New-patient demand was in question as long as COVID-19 infection rates were high, but as the vaccine rollout broadens, infection rates in the U.S. are receding and the rate of elective procedures has started to accelerate.
Robotic surgery has been rapidly gaining traction, owing to the precision that it offered. Notably, the global surgical robotics market is expected to witness a CAGR of about 21% during 2021 to 2026, per a report by Express Market Research. However, because of the pandemic, the usage of robots in other areas of healthcare also increased as they are being used to maintain social distancing while ensuring continued interaction between doctors and patients. Strong markets include the U.S., Australia, Germany, Canada, and especially China.
Based on 29 analysts offering recommendations, 12 rate the stock a Strong Buy. There are 3 Moderate Buy ratings, 12 Hold ratings, and 2 analysts rate the stock a Sell. Analysts at Canaccord Genuity chime in with a Buy rating and say Stryker should be a “core position for growth-oriented investors.” With an average price target of $274, the upside implications justify a closer look at the stock.
Analysts at Canaccord Genuity say Stryker should be a “core position for growth-oriented investors.”
Vroom, Inc. (VRM)
Vroom, Inc. (VRM) operates an e-commerce platform for buying, selling and trading-in used cars online. Vroom made its debut in the midst of the pandemic, and with a strong e-commerce presence, it was grossly unprepared for the avalanche of new orders. Ultimately, the company had to forgo potential revenue due to a lack of inventory to meet demand.
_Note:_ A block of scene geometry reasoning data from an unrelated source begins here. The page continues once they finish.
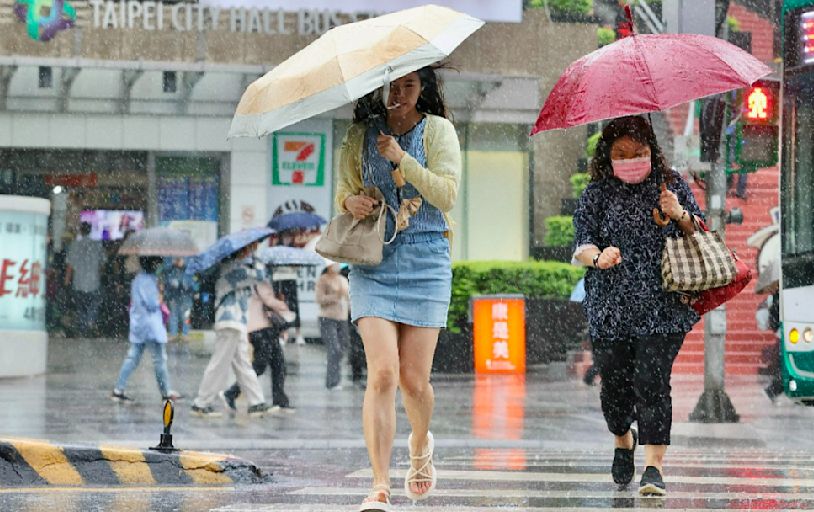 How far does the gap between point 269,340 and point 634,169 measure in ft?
27.9

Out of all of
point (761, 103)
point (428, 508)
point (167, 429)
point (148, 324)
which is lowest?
point (428, 508)

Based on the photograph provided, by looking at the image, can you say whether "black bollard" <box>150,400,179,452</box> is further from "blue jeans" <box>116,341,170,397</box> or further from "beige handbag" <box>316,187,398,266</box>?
"blue jeans" <box>116,341,170,397</box>

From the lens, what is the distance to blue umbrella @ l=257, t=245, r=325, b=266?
1759 cm

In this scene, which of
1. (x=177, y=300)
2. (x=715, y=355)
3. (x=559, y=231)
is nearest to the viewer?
(x=715, y=355)

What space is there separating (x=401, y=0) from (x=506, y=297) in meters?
7.12

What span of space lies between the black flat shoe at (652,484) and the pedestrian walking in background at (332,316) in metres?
11.1

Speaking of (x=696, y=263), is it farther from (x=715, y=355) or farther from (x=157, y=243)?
(x=157, y=243)

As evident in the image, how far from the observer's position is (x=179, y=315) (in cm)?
2678

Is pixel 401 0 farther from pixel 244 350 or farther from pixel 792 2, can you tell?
pixel 792 2

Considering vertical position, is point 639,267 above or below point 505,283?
above

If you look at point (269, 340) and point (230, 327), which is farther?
point (269, 340)

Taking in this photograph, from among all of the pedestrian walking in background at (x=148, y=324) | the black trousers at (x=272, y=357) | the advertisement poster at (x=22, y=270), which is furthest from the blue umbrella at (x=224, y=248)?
the advertisement poster at (x=22, y=270)

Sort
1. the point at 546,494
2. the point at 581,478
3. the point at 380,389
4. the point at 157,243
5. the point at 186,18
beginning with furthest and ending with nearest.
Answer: the point at 186,18, the point at 157,243, the point at 581,478, the point at 546,494, the point at 380,389

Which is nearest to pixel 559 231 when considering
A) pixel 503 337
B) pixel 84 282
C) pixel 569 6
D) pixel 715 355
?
pixel 569 6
This led to a drop in its sales numbers and stock price as a result. However, looking ahead, analysts believe that Vroom is poised for gains as consumers turn to used cars as the global cip shortage crimps production of new vehicles. Of 14 analysts offering recommendations for VRM, 11 rate the stock a Buy, compared to 3 Hold ratings and only 1 Sell rating. With more inventory on hand and strong digital demand, this company is one of the best growth stocks to buy on the dip.